>>>

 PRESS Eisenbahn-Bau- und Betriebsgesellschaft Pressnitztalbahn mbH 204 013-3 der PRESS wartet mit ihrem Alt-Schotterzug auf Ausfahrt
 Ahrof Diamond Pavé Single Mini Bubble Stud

<<<
>>>

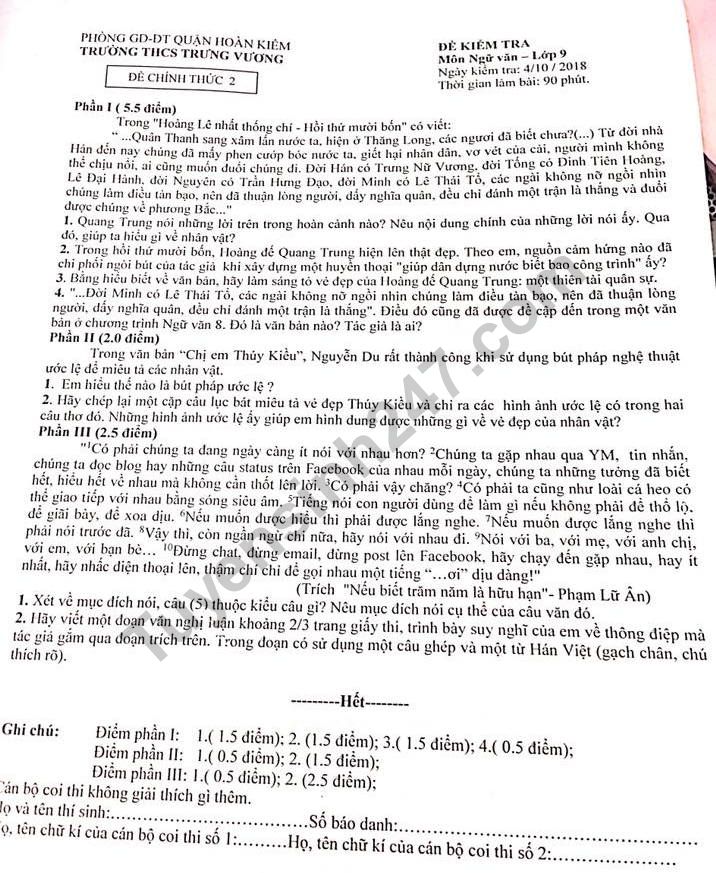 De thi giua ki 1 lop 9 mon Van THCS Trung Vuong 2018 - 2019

<<<
>>>

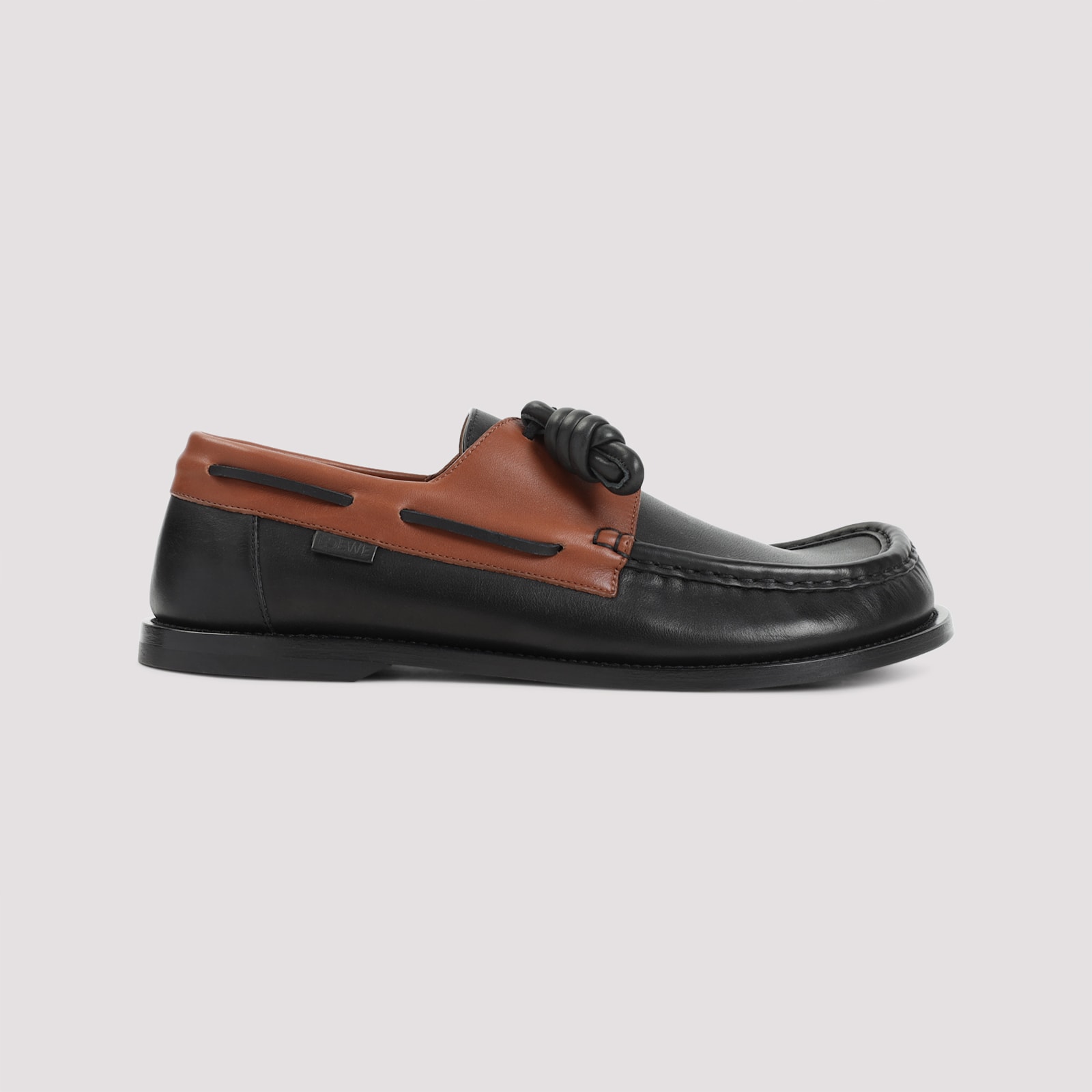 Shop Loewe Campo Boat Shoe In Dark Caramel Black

<<<

● What to produce
Above are some lines. Repeat exactly, and only, those from the line that has "PRESS Eisenbahn-Bau- und" through the line that has "Ahrof Diamond Pavé Single Mini Bubble Stud".

● Exercise answer
 PRESS Eisenbahn-Bau- und Betriebsgesellschaft Pressnitztalbahn mbH 204 013-3 der PRESS wartet mit ihrem Alt-Schotterzug auf Ausfahrt
 Ahrof Diamond Pavé Single Mini Bubble Stud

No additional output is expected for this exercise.